Il ne regardait pas cette foule de journalistes tant il était habitué à ce qu’elle soit là et partage perpétuellement ses rares moments d’intimité qu’il a avec son père. Il attendait, comme il attend toujours, que cesse ce bruit de fond qui le poursuit du matin au soir, tous les jours.
Comme tous les enfants du monde, il n’avait de tendresse que pour son petit papa qu’il aime et se raccroche à lui. Et comme c’est long à cet âge de supporter le tumulte harassant des adultes, il était évident qu’il était fatigué, ce petit homme.
Alors, après avoir touché le bureau pour tenter de trouver une occupation de curiosité de son âge, sans jamais lever son regard vers le monde insignifiant qui l’entourait, il se rapproche de son papa pour lui signifier sa fatigue et son désir de se retrouver de nouveau sur ses épaules.
Il ne sait pas que son papa le fait (à ce moment-là) surtout parce qu’il sait l’impact sur l’Amérique puritaine, celle des électeurs d’ultra droite et conservatrice jusqu’à la débilité. Ce papa sait qu’aux Etats-Unis, l’image donné au public par la famille unie et aimante est essentielle. On se présente rarement sans son épouse ou ses enfants lorsqu’il s’agit d’un moment de représentation devant les foules (même si la relation familiale n’est pas aussi belle).
Alors ce papa en fait des tonnes, prenant la pose d’un homme normal, répondant aux grandes valeurs sociales, celle de porter son enfant sur les épaules. Le petit enfant ne sait pas que ce geste paternel pour le soulager de sa fatigue n’est pas seulement provoqué par l’amour et la tendresse sans qu’on puisse renier totalement son existence.
Le petit enfant est jeté en pâture à un horrible plan médiatique sans qu’il n’ait ni l’âge ni sa conscience pour s’apercevoir qu’il est vendu comme un paquet de lessive dans les publicités médiatiques.
Il fait comme tous les enfants du monde, il se blottit dans les épaules de son père pour retrouver le cocon de protection et de tendresse que le brouhaha interminable dans sa jeune vie ne cesse de lui voler.

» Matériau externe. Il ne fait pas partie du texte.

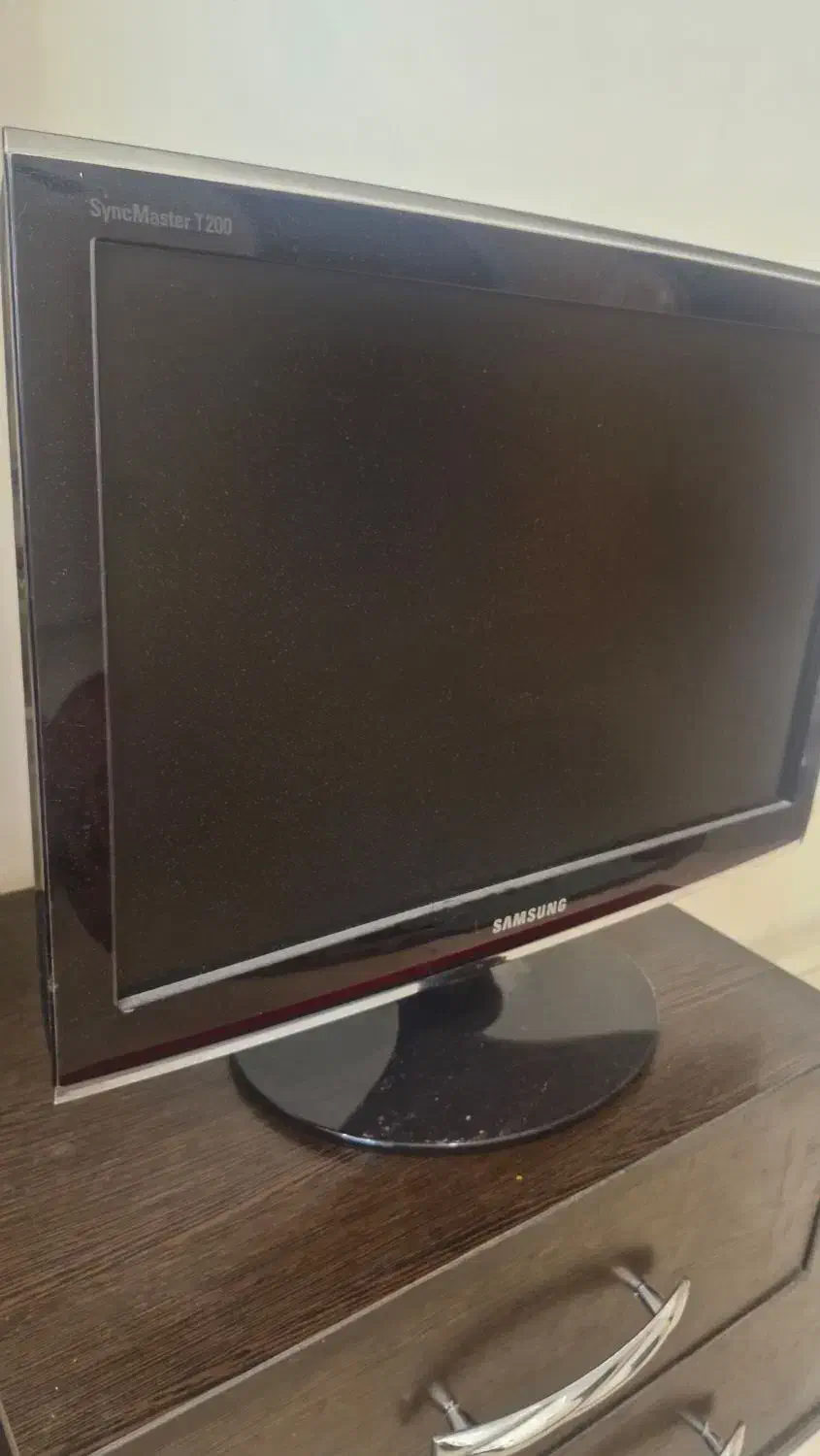 مانیتور سالم سالم|قطعات و لوازم جانبی رایانه|تهران, حکمت|دیوار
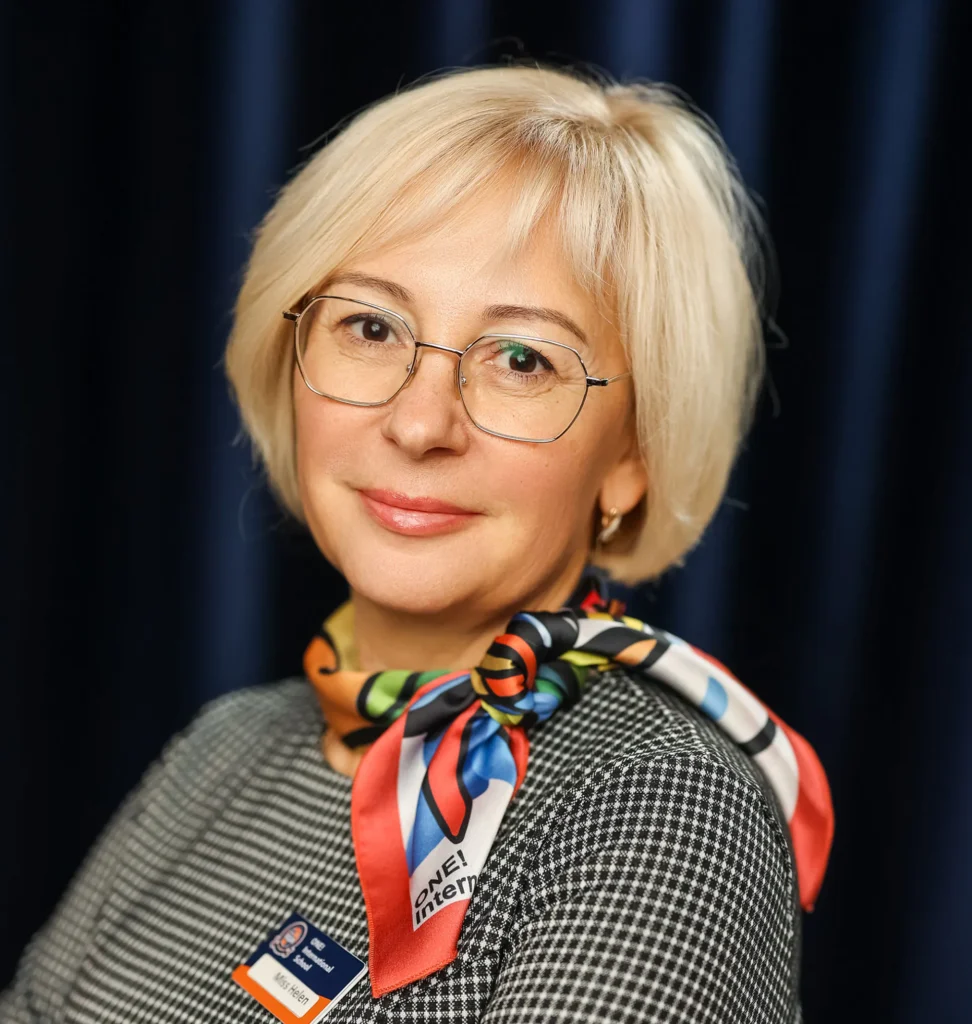 Власова Елена, Окончила Истринское педагогическое училище Московской области по специальности «Учитель начальных классов» и Калининский государственный университет по специальности «Преподаватель русского языка и литературы/ Филолог»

J’ai vu dans cette image un petit enfant, beau comme tous les enfants de son âge. Il est certainement, comme tous les autres, tenté par la turbulence enfantine et les gâteries de son père milliardaire. Personne ne le lui reproche car il n’a rien demandé en arrivant au monde. Á cet instant je n’ai vu qu’un garçon pétri de gentillesse et de calme. Ils ne peuvent être entièrement imputés à la fatigue.
L’innocence des enfants les protègent de l’admiration des grands de ce monde. Il n’a aucune idée de qui est ce vieillard dans sa fonction (pour les yeux d’un enfant, je serais certainement un vieillard) aux attitudes burlesques assis devant son père.
Il en a l’habitude, il le voit comme un tonton, il habite d’ailleurs dans sa propriété. Les enfants ne voient ni la cupidité, ni la dangerosité des fous de ce monde lorsqu’ils leur sont proches, soient-il les plus riches et les plus puissants.
Il ne sait pas encore que dans ce monde familial, deux voies seulement lui seront proposées, soit la reproduction des errements fous de son père soit l’exil au sens du détachement familial. Il ignore encore le sort qui avait été réservé à son frère en voulant être lui-même et non la représentation des valeurs fascistes et de la religion extrémiste.
Ce petit enfant si pur est manipulé d’une manière honteuse et tellement répréhensible de ma part que je n’ai pu voir dans cette photo qui a fait le tour du monde que l’image d’un innocent incarcéré par la brutalité de deux individus sur le « toit du monde ».
Au final, ce n’est pas lui qui est porté sur les épaules de son père, c’est lui qui porte sur ses épaules tout le malheur du monde causé par son père et ses semblables.